Geheimnisse, die man wahren muss

In "Das dritte Licht" erzählt die vielfach ausgezeichnete irische Schriftstellerin Claire Keegan von dem Ferienaufenthalt eines kleines Mädchens bei Verwandten. Dort erfährt das Kind Zuwendung, die es von seinen Eltern nicht kennt. Doch hinter dieser Güte verbirgt sich ein Geheimnis.
An einem heißen Sommertag bringt ein Vater seine kleine Tochter zu Verwandten seiner Frau. Die erwartet schon wieder ein nicht gewolltes Kind, das Geld ist knapp, Gefühle trägt niemand auf der Zunge, ein Esser weniger am Tisch, das macht die Tage leichter. Das Leben ist hart, die Kinder bekommen das zu spüren. Die irische Autorin braucht nur wenige Worte, um den Schrecken einer unglücklichen Familie zu umreißen. Der Vater lügt, ist offenbar kein begabter Landwirt.

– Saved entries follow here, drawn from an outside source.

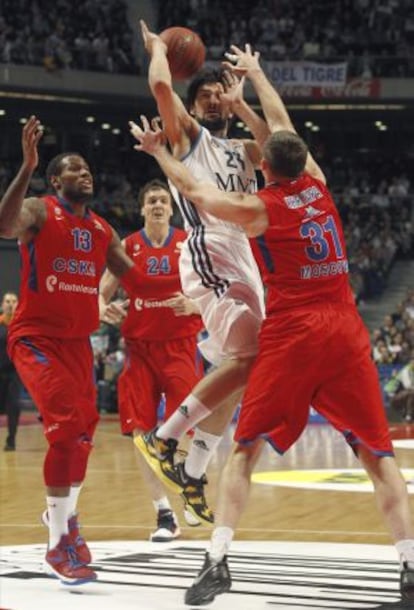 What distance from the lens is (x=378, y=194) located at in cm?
3017

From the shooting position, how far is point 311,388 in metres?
5.76

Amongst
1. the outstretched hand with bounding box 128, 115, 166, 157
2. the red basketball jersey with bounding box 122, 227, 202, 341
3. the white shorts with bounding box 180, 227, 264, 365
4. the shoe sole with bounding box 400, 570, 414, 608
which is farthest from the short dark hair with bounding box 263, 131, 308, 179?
the red basketball jersey with bounding box 122, 227, 202, 341

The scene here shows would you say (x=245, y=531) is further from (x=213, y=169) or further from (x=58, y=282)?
(x=213, y=169)

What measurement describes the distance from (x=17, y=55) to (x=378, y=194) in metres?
9.08

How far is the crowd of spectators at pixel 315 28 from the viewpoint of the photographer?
29500 mm

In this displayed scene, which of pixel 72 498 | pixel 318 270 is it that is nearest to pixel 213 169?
pixel 318 270

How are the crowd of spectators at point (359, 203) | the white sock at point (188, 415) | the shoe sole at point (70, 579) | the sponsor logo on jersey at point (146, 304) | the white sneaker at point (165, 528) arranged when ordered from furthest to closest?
the crowd of spectators at point (359, 203)
the sponsor logo on jersey at point (146, 304)
the white sneaker at point (165, 528)
the white sock at point (188, 415)
the shoe sole at point (70, 579)

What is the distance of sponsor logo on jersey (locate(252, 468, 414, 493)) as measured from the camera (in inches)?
443

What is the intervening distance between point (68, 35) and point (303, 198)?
996 inches

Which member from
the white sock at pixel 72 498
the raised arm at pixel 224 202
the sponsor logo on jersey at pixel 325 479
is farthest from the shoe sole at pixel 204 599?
the sponsor logo on jersey at pixel 325 479

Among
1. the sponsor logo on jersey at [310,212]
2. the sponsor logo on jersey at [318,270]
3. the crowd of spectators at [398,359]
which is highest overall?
the sponsor logo on jersey at [310,212]

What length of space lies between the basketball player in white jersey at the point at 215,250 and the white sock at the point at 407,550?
1432 mm

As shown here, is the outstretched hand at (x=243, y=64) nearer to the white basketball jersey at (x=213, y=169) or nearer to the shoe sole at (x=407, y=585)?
the white basketball jersey at (x=213, y=169)

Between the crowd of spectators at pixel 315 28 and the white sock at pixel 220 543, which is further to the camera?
the crowd of spectators at pixel 315 28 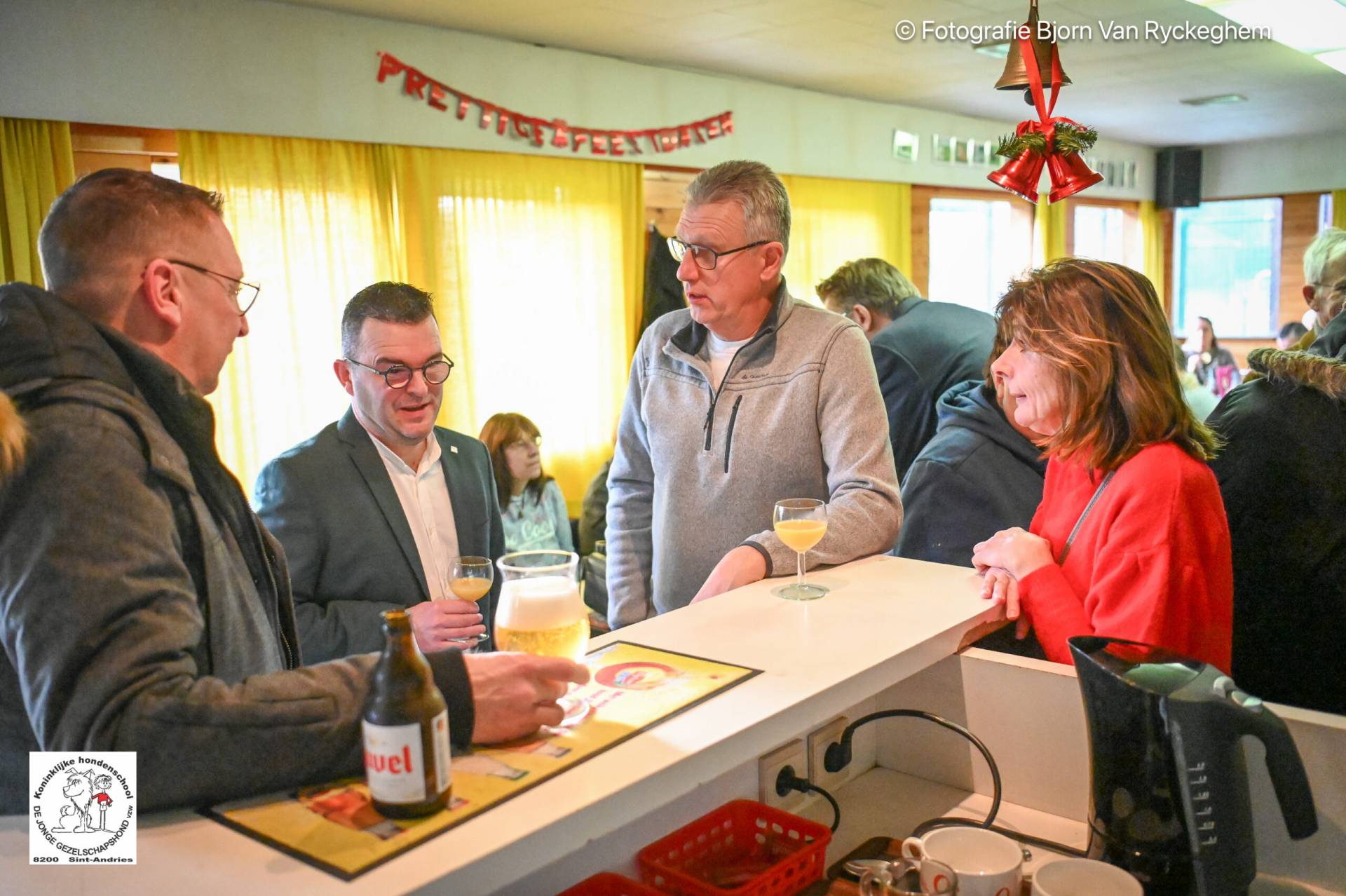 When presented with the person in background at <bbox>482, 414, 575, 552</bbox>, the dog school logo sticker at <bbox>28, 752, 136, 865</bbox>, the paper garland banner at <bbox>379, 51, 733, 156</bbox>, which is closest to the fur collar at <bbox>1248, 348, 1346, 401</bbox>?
the dog school logo sticker at <bbox>28, 752, 136, 865</bbox>

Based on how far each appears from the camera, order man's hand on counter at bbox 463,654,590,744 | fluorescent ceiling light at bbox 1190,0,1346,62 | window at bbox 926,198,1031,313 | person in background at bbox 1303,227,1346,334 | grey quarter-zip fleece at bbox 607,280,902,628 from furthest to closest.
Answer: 1. window at bbox 926,198,1031,313
2. fluorescent ceiling light at bbox 1190,0,1346,62
3. person in background at bbox 1303,227,1346,334
4. grey quarter-zip fleece at bbox 607,280,902,628
5. man's hand on counter at bbox 463,654,590,744

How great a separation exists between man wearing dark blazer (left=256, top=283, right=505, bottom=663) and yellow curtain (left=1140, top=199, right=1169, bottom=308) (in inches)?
373

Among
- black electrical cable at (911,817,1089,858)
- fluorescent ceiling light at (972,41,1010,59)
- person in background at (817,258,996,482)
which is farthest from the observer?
fluorescent ceiling light at (972,41,1010,59)

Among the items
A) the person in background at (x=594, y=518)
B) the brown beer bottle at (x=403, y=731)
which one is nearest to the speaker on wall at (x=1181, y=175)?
the person in background at (x=594, y=518)

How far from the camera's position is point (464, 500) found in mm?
2129

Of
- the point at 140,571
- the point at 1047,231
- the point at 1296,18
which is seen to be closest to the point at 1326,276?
the point at 1296,18

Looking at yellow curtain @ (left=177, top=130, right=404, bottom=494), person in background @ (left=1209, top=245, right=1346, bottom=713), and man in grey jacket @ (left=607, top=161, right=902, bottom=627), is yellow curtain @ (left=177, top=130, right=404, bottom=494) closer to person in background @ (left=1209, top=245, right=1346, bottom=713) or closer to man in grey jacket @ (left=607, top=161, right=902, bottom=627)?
man in grey jacket @ (left=607, top=161, right=902, bottom=627)

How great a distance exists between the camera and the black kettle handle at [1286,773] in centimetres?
110

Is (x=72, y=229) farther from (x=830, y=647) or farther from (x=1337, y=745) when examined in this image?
(x=1337, y=745)

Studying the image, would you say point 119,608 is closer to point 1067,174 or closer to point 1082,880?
point 1082,880

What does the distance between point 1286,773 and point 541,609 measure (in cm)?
80

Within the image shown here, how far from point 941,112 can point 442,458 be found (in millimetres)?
6610

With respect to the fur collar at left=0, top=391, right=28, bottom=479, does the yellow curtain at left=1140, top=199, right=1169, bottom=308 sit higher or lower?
higher

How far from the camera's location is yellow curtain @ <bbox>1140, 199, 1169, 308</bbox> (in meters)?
10.2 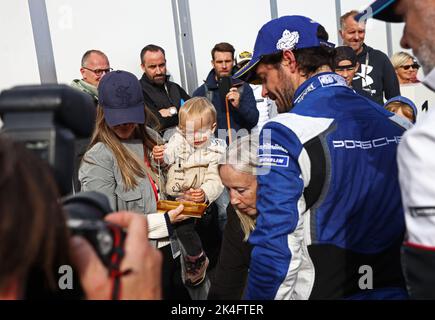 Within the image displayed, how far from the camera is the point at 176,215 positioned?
2.82 m

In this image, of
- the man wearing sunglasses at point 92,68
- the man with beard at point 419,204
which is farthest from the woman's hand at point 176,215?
the man with beard at point 419,204

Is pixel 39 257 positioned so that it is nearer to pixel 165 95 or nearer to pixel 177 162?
pixel 177 162

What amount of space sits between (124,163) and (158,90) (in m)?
2.04

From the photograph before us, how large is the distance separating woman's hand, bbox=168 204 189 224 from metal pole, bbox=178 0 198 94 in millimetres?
2589

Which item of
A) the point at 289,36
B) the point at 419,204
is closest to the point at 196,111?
the point at 289,36

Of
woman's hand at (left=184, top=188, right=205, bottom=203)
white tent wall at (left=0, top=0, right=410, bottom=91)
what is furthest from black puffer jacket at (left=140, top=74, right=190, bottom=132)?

Das Mädchen kommt zu einem freundlichen kinderlosen Paar, kann es gar nicht fassen, dass es nicht auf dem Feld arbeiten soll, dass man freundlich und zärtlich mit ihm umgeht. Die Kleine bekommt neue Kleider und niemand schimpft mit ihr, als sie ins Bett macht. Ein unverdientes Glück: So könnte das Leben also auch aussehen, so viel Zuwendung ist möglich.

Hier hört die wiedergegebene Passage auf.